[GIVEN INFORMATION]

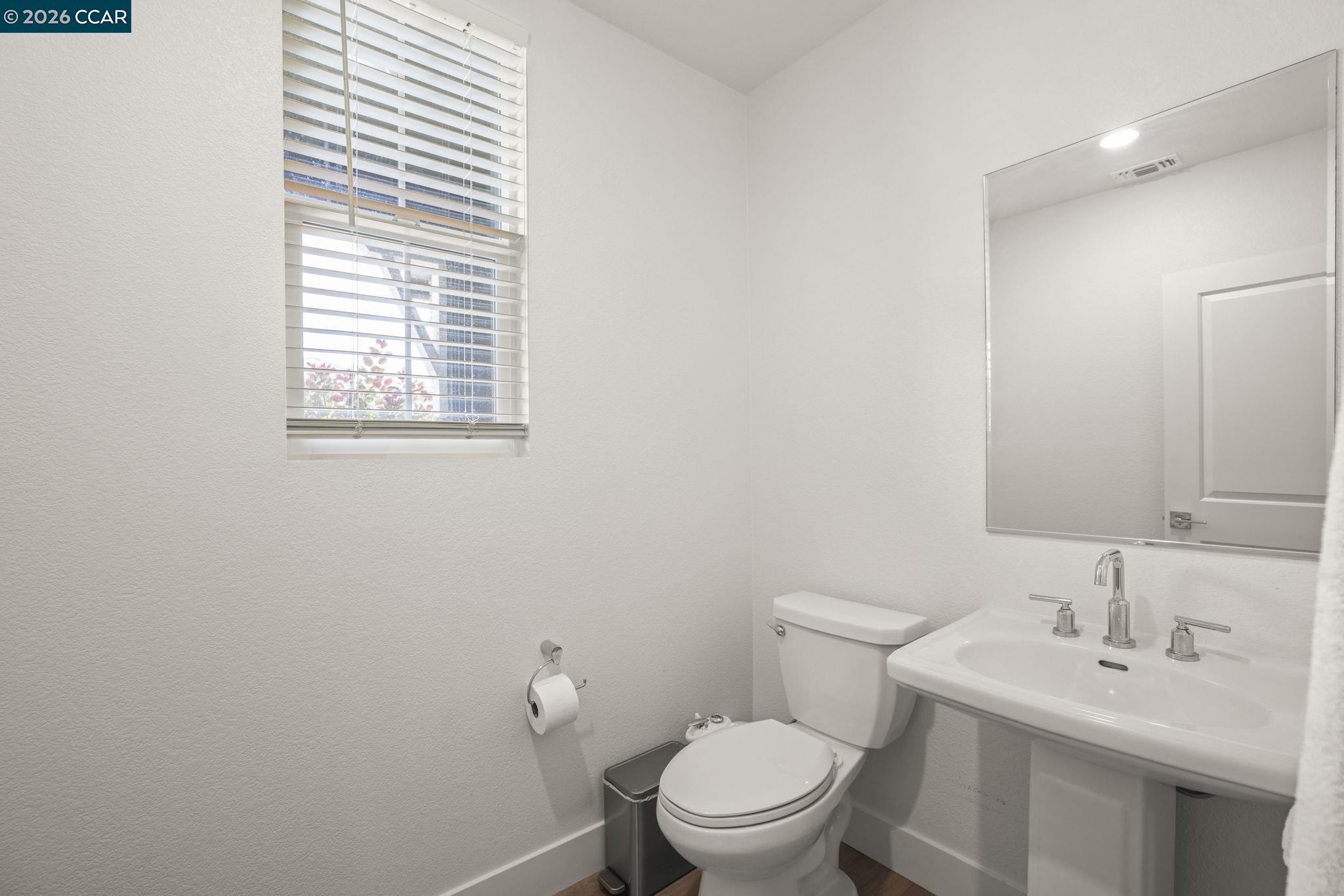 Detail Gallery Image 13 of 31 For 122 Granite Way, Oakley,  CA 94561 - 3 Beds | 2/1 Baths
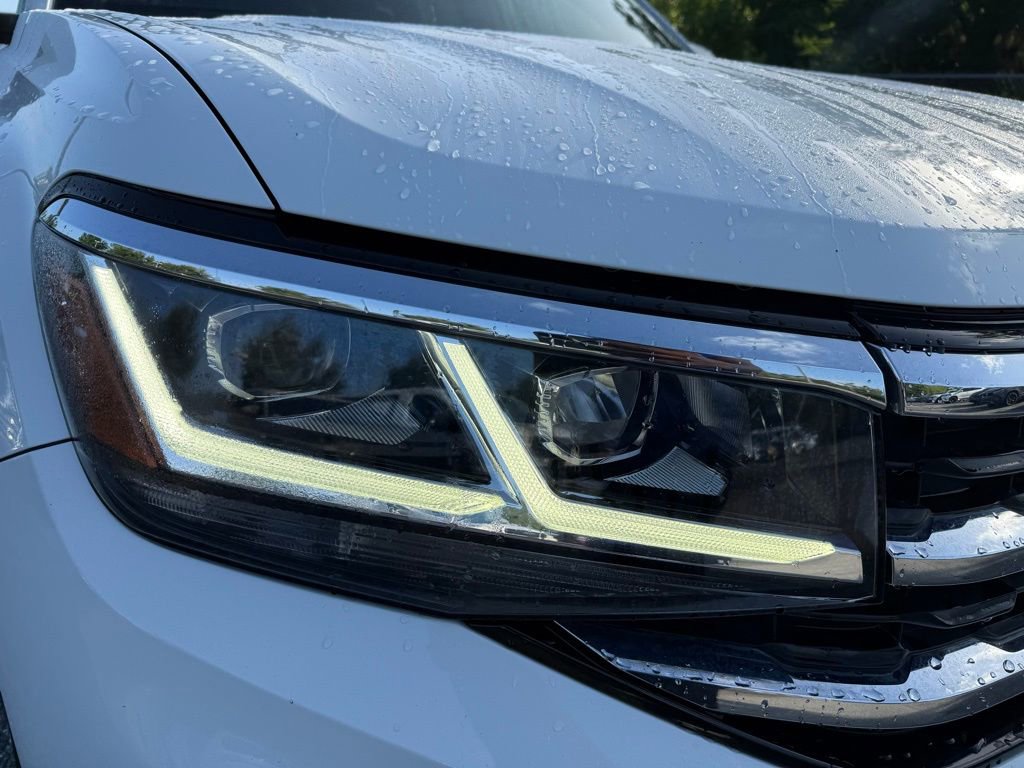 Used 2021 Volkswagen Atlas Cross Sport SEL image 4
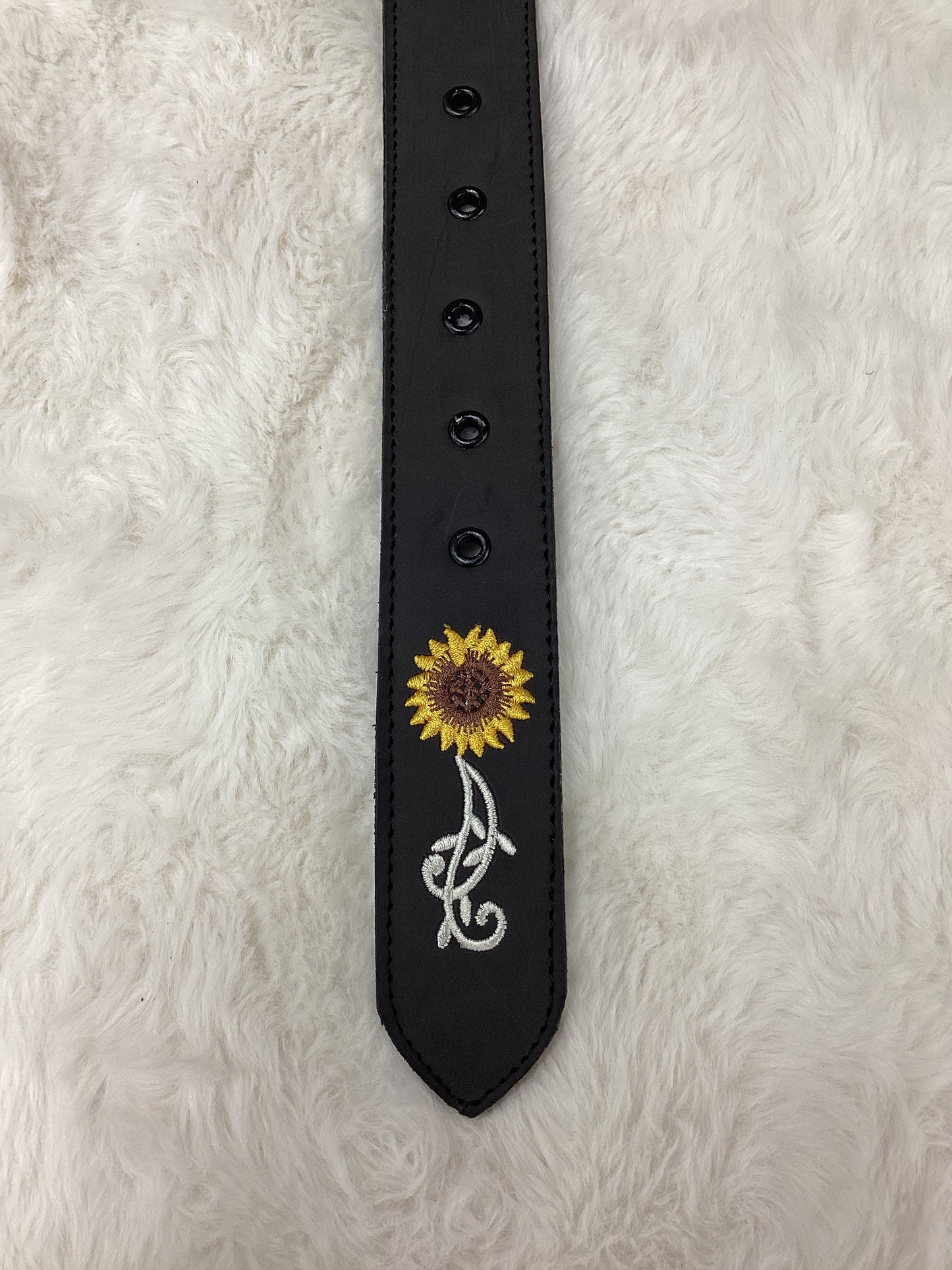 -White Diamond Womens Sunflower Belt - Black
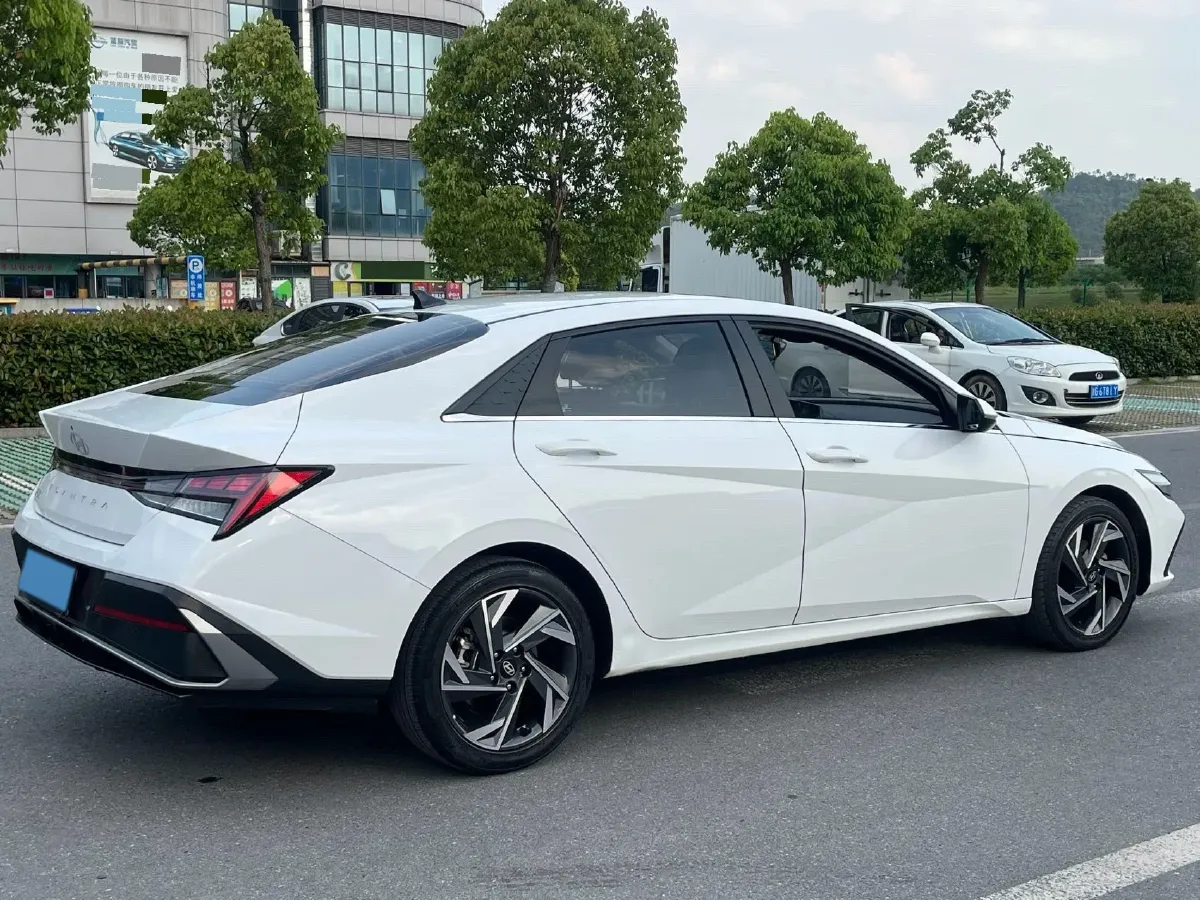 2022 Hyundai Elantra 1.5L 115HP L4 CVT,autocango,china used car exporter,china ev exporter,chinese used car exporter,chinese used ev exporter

[/GIVEN INFORMATION]

◆ WORK REQUEST
The expected result is the complete listing above, printed exactly, with no pictures.

◆ YOUR SOLUTION
 Detail Gallery Image 13 of 31 For 122 Granite Way, Oakley,  CA 94561 - 3 Beds | 2/1 Baths
 Used 2021 Volkswagen Atlas Cross Sport SEL image 4
 -White Diamond Womens Sunflower Belt - Black
 2022 Hyundai Elantra 1.5L 115HP L4 CVT,autocango,china used car exporter,china ev exporter,chinese used car exporter,chinese used ev exporter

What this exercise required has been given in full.